Microsoft exec on .Net 3.0 and WCF

30.01.2007

WCF is Microsoft's implementation of a set of industry standards defining service interactions. WCF unifies the previous generations of Microsoft's technologies, offering the interoperability of ASP.NET web services, the extensibility of remoting and the productivity and power of Enterprise Services. There is just a ton of off-the-shelf plumbing to use, something nothing else offers over standards.

What makes WCF a good platform for developing service-oriented applications?

It is designed from the ground up for that. You cannot tack it on things like raw .NET or Windows SOA - they are just unaware of it. WCF enforces many of the SOA tenets, and enables the rest. It is deliberately different from classic .NET - there is no type sharing, it is all based on message exchange, and it supports most of the industry WS standards that facilitates services interoperability. Not only that, there is a ton of built-in plumbing that do all the hard work for you.

Can you detail some features of the built-in plumbing that takes care of the hard work for developers? And can you specify the hard work that it eliminates?

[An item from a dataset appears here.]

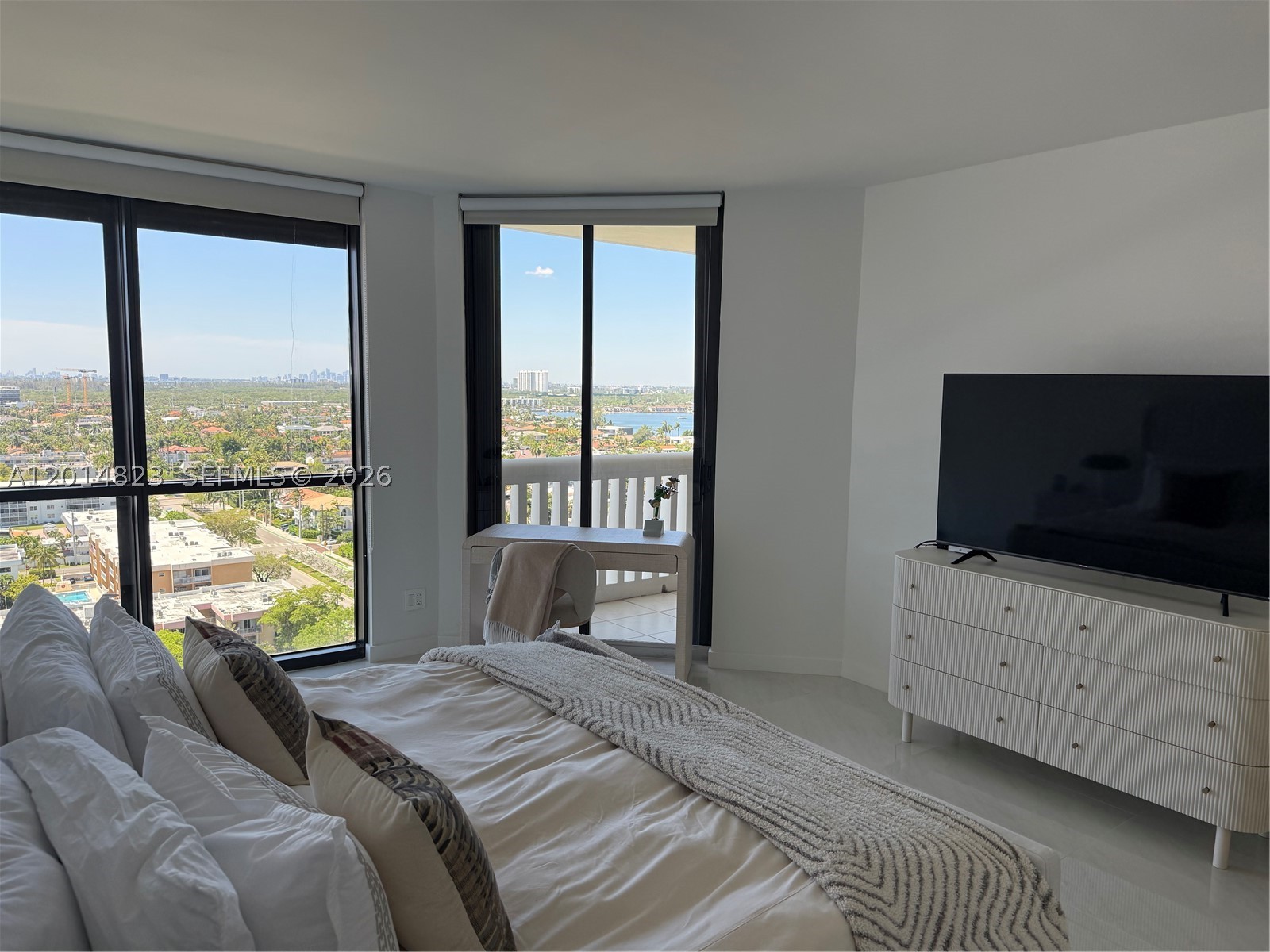 2000 ISL BLVD WILLIAMS IS - Residential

In a decent-size application, the bulk of the effort, the development, and the debugging time is spent on addressing plumbing issues such as hosting, instance management, asynchronous calls, synchronization, reliability, transaction management, disconnected queued calls and security, as opposed to focusing on business logic and features. To make things even worse, since the end-customer (or the development manager) rarely cares about plumbing (as opposed to features), the developers are not given adequate time required to develop robust plumbing.